“Molto rumore per nulla”: questo avranno pensato i napoletani al termine del mercato di gennaio. E c’entra veramente poco il famoso dramma shakespeariano. In ogni caso, se il titolo stesso suggerisce un’esagerazione per un evento trascurabile o peggio ancora inconsistente, usare la medesima iperbole a commento dell’arrivo di Okafor non è affatto una forzatura. Perché il Napoli, prendendolo in prestito oneroso dal Milan, versando nell’immediato 1.5 milioni nelle casse del Diavolo (e fissando anche l’eventuale diritto di riscatto a 23 milioni di euro), ha ingenerato un grosso equivoco nei suoi tifosi, nonché negli addetti ai lavori. Impensabile, infatti, che la proprietà consideri lo svizzero un profilo in grado di rinforzare la capolista, nell’ottica di competere fino alla fine per lo scudetto.
Sicuramente, invece, l’attaccante è destinato a coprire dal punto di vista numerico uno slot nel reparto offensivo, orfano della partenza di Kvaratskhelia. Perciò, con Neres orami promosso in pianta stabile nell’undici di partenza, era necessario intervenire per supportare quantitativamente l’organico, offrendo a Conte un profilo spendibile nelle rotazioni. Insomma, nessuno si lasci trarre in inganno: il georgiano era già stato sostituito, affidando a Neres un maggior minutaggio, cioè quello che in origine aveva il numero 77, volato poi al PSG. Sostanzialmente, il brasiliano scala di una posizione nelle preferenze dello staff tecnico, mentre Okafor allunga la panchina. Certamente l’ex rossonero non sposta gli equilibri tra (presunti) titolari e seconde linee.
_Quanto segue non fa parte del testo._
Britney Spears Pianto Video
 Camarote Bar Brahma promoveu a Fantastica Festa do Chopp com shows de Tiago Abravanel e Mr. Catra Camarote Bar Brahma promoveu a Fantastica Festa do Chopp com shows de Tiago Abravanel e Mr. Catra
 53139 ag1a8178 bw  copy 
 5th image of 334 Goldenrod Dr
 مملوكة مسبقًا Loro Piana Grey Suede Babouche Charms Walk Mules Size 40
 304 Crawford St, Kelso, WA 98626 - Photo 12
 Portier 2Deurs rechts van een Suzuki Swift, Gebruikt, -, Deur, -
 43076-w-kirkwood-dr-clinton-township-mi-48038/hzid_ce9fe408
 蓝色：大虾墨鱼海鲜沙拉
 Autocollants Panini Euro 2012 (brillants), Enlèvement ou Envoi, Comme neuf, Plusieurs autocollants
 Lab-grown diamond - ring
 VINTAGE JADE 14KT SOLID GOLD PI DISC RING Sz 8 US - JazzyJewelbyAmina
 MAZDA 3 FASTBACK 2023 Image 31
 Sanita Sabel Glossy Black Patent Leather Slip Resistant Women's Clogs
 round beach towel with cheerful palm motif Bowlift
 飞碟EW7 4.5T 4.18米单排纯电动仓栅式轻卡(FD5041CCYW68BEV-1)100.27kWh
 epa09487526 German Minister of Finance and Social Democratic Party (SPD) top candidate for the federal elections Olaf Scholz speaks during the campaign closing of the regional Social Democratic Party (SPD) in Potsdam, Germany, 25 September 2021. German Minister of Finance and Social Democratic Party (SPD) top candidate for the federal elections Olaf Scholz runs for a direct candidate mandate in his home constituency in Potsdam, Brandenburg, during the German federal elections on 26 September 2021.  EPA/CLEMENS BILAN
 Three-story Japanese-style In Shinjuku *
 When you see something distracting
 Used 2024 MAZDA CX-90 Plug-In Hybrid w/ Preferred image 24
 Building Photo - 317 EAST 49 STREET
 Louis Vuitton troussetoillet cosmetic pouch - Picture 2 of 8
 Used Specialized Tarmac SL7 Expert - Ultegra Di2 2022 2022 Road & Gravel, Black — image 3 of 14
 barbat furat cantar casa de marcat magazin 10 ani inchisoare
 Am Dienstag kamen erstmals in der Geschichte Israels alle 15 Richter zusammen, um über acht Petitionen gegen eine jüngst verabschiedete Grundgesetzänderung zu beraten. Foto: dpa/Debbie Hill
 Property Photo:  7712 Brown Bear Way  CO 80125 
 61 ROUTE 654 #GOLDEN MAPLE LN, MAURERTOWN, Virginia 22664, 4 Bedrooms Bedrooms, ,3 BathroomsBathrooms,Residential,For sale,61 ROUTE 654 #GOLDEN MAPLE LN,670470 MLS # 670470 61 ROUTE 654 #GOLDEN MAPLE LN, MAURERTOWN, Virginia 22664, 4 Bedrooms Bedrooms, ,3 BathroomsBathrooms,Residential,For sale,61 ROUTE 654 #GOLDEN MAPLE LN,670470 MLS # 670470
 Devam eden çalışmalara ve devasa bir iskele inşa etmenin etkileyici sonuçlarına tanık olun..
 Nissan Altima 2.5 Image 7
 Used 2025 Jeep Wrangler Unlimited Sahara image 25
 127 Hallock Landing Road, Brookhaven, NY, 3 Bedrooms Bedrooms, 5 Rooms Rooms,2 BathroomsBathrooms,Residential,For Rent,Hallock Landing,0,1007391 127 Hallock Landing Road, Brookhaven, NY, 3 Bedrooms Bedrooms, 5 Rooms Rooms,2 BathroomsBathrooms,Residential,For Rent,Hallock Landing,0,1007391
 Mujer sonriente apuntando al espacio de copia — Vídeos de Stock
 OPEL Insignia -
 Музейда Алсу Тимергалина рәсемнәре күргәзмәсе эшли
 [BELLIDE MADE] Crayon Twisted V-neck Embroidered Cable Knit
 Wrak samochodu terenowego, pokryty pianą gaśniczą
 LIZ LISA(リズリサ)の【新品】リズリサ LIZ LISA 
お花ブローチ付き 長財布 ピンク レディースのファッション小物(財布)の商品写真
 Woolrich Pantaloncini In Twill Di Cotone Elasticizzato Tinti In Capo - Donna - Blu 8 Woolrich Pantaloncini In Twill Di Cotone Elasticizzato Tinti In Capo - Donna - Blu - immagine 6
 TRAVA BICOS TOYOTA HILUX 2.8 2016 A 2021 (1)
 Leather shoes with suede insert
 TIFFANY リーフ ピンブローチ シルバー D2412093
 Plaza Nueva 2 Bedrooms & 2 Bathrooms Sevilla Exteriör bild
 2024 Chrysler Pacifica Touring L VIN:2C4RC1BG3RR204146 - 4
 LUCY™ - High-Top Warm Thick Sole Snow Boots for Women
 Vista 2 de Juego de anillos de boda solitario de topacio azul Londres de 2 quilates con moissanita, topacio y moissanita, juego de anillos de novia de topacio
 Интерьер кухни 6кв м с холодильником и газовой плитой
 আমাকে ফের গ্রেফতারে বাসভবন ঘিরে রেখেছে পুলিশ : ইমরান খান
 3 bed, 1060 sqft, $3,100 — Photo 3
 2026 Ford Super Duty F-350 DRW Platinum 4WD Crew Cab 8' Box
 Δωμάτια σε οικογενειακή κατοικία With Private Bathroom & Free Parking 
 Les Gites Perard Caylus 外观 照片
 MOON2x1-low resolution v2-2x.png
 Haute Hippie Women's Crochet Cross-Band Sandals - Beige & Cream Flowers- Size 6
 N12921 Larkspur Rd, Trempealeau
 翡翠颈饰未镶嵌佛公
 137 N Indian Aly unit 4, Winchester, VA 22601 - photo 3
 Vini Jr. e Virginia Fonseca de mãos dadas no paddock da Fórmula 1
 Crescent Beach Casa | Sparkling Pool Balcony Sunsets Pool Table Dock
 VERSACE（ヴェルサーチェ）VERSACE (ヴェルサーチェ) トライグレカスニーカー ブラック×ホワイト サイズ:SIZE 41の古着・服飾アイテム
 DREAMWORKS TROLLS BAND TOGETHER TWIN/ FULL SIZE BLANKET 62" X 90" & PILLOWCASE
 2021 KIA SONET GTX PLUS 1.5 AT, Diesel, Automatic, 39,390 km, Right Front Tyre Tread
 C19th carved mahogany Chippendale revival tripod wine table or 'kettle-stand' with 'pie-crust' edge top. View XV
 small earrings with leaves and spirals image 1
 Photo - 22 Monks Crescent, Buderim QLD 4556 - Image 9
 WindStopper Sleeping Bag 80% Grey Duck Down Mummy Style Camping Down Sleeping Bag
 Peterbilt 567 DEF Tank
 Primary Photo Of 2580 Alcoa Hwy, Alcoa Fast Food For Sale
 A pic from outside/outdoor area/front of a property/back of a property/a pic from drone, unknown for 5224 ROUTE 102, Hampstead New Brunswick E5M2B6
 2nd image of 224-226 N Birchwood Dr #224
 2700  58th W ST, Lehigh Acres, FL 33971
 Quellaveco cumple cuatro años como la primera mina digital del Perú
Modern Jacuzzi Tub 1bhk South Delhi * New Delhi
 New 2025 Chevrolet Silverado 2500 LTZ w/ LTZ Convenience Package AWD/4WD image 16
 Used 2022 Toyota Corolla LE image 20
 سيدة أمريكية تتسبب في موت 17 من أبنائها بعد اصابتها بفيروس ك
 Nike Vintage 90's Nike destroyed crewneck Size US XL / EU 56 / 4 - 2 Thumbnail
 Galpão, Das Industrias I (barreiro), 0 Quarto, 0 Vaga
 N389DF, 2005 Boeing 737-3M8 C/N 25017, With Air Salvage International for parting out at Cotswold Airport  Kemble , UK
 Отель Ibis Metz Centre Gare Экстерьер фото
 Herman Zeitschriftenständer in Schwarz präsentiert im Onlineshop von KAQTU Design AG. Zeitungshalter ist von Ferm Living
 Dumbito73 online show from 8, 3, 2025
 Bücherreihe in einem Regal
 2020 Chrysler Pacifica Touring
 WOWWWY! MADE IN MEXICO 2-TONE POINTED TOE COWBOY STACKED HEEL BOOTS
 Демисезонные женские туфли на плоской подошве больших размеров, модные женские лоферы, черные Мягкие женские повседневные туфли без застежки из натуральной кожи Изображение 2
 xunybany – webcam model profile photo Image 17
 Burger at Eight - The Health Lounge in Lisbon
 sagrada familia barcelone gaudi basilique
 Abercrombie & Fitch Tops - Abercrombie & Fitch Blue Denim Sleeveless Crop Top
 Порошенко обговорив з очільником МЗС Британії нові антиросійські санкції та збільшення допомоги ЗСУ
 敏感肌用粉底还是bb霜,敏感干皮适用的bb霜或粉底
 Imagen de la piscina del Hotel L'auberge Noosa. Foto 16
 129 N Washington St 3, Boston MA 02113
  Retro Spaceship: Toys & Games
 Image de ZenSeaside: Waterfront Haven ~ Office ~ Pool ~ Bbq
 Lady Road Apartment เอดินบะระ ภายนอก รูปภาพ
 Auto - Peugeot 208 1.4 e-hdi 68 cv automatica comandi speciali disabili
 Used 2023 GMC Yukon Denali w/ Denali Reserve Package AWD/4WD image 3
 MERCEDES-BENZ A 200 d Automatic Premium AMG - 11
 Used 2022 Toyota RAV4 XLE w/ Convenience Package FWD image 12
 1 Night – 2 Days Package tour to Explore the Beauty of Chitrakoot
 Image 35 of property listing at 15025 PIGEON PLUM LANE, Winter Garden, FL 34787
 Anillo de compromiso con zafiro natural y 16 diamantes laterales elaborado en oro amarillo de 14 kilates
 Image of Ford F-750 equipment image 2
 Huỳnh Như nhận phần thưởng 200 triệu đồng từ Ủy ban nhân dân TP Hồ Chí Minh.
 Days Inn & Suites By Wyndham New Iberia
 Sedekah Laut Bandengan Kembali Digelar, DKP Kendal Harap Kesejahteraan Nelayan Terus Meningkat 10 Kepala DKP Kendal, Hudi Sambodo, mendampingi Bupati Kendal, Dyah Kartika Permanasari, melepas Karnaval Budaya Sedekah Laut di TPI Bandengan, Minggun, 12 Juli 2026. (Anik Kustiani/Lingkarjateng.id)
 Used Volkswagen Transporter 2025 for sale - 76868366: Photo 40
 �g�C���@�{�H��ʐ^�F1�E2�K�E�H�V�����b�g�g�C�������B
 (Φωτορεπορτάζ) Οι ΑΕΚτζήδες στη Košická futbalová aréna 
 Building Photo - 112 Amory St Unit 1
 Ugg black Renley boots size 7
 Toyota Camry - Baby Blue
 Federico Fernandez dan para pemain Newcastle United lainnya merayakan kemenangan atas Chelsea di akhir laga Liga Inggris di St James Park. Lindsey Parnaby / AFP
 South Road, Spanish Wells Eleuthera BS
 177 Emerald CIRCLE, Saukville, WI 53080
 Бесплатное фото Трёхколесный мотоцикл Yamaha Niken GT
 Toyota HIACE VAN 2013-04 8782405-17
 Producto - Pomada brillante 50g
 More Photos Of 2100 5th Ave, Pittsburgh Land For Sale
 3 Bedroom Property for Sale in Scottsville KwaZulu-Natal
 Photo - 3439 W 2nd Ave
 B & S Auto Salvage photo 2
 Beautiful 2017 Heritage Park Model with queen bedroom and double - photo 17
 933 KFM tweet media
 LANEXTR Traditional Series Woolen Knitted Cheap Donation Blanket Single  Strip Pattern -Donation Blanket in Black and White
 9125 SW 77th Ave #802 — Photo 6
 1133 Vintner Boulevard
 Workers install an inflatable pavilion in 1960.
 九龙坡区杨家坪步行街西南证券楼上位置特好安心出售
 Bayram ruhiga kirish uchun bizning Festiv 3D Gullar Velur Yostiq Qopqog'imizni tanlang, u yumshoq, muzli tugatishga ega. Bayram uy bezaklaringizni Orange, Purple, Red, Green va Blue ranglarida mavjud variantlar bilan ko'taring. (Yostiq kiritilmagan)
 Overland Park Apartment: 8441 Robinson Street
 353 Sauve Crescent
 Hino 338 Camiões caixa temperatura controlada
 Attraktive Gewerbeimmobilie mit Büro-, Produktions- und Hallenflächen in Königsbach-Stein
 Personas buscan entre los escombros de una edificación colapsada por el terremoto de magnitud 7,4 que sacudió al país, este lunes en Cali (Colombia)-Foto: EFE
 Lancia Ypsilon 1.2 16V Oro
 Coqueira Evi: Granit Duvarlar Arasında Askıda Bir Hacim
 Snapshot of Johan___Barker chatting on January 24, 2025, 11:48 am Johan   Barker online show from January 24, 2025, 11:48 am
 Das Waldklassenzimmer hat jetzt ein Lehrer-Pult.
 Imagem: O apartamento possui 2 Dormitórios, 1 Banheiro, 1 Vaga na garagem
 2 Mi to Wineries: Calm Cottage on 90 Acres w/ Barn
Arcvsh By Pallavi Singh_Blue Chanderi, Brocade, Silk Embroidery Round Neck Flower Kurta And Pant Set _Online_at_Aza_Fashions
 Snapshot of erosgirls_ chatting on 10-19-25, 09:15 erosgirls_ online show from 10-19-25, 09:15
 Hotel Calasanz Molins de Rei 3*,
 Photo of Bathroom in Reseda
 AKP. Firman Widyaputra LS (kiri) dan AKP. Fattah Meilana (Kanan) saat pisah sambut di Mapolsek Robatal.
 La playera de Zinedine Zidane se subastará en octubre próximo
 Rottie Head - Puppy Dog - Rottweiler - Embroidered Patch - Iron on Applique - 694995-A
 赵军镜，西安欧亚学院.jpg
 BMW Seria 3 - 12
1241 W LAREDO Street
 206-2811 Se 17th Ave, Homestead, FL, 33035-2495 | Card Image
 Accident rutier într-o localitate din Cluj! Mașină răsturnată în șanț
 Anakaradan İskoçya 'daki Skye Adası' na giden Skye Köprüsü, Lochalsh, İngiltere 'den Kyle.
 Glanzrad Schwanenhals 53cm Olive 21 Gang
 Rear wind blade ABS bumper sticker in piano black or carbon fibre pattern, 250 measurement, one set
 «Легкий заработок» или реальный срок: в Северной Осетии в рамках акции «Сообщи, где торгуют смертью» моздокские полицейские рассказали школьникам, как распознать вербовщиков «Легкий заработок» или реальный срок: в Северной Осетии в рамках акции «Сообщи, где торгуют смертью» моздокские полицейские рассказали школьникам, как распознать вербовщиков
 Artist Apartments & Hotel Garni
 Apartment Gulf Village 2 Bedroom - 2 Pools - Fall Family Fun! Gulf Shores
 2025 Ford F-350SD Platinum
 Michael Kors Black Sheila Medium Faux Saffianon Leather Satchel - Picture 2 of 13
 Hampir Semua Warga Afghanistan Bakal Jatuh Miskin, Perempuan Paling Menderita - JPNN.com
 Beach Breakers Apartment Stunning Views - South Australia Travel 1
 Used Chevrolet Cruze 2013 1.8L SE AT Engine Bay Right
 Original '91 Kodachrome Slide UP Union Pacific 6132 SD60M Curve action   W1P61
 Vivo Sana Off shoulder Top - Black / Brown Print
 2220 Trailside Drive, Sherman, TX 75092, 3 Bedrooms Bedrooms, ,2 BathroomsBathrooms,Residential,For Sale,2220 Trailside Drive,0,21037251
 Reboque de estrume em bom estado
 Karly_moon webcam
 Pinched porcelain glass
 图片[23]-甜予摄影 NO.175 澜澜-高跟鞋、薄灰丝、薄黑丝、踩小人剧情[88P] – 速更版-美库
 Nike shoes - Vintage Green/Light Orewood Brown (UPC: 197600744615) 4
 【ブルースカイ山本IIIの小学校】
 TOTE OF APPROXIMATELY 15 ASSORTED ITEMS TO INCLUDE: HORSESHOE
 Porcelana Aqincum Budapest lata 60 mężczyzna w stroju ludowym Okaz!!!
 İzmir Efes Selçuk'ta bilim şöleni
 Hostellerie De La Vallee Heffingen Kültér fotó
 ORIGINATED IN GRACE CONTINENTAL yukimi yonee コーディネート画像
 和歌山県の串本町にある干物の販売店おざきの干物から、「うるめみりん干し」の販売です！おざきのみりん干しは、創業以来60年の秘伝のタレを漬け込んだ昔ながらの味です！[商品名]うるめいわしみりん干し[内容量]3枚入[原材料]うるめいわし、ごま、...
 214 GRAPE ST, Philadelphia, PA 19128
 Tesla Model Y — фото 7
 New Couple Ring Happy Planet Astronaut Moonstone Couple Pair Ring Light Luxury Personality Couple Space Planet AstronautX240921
Strane similitudini col passato
Magari avrà prevalso l’idea che il Napoli non avesse bisogno di intervenire pesantemente sul mercato. Del resto, quella invernale è nota pure come sessione “di riparazione”. Forse nella sede della Filmauro avranno pensato che non c’è nulla da rimettere a posto in una squadra in testa alla classifica. O peggio, talmente malfunzionante da richiede un intervento massiccio per eliminare guasti temporanei e difetti strutturali. Così, tornano subito in mente le dichiarazioni roboanti rilasciate da De Laurentiis nella medesima situazione, qualche anno fa. Ai microfoni di Sky Sport il presidente disse testualmente: “Mercato spento? Siamo primi, non c’è nulla da riparare”. Allora si sprecano le similitudini tra queste settimane e la stagione 2017/18, quando col Napoli saldamente al comando, a gennaio la società partenopea portò in dote a Sarri il solo Machach (sic…) per puntellare la rosa. E tutti conoscono il triste epilogo di quel campionato.
Eppure l’aggiunta di Okafor potrebbe garantire agli azzurri valide alternative là davanti. Effettivamente, rispetto a Kvara e Neres, sembra meno un esterno puro. Ovvero, il classico spirito libero che usa il dribbling in maniera audace e sfrontata. In sostanza, offensive players naturalmente orientati a isolarsi in situazione di uno contro uno, per stressare l’avversario diretto grazie a finte ubriacanti, sterzate assassine e stop-and-go difficilmente leggibili in anticipo. Evidente, quindi, l’idea di offrire a Conte uno scenario tattico diverso. In quest’ottica, lo svizzero dà soluzioni controcorrente, perché non forza mai la giocata. Anzi, pare abbia un’indole decisamente associativa, tale da consentirgli di associarsi maggiormente con i compagni.
Intuizione o ripiego?
In definitiva, l’intuizione del diesse Manna, che l’ha voluto a ogni costo, dopo i vani tentativi di persuadere Adeyemi, Garnacho o Saint–Maximin permettono di arricchire il bagaglio professionale di Okafor con l’ennesima tappa del proprio vissuto calcistico. Sperando che si riveda il giocatore a tratti devastante, come ai tempi del Red Bull Salisburgo. Chissà che all’ombra del Vesuvio non si facciano bastare quello visto nella sua prima annata in Serie A, due stagioni orsono. Agli ordini di Pioli, schierato indifferentemente esterno, sia a destra che a sinistra, oppure punta va a segno 6 volte in 27 presenze. Quest’anno, al contrario, è finito ai margini.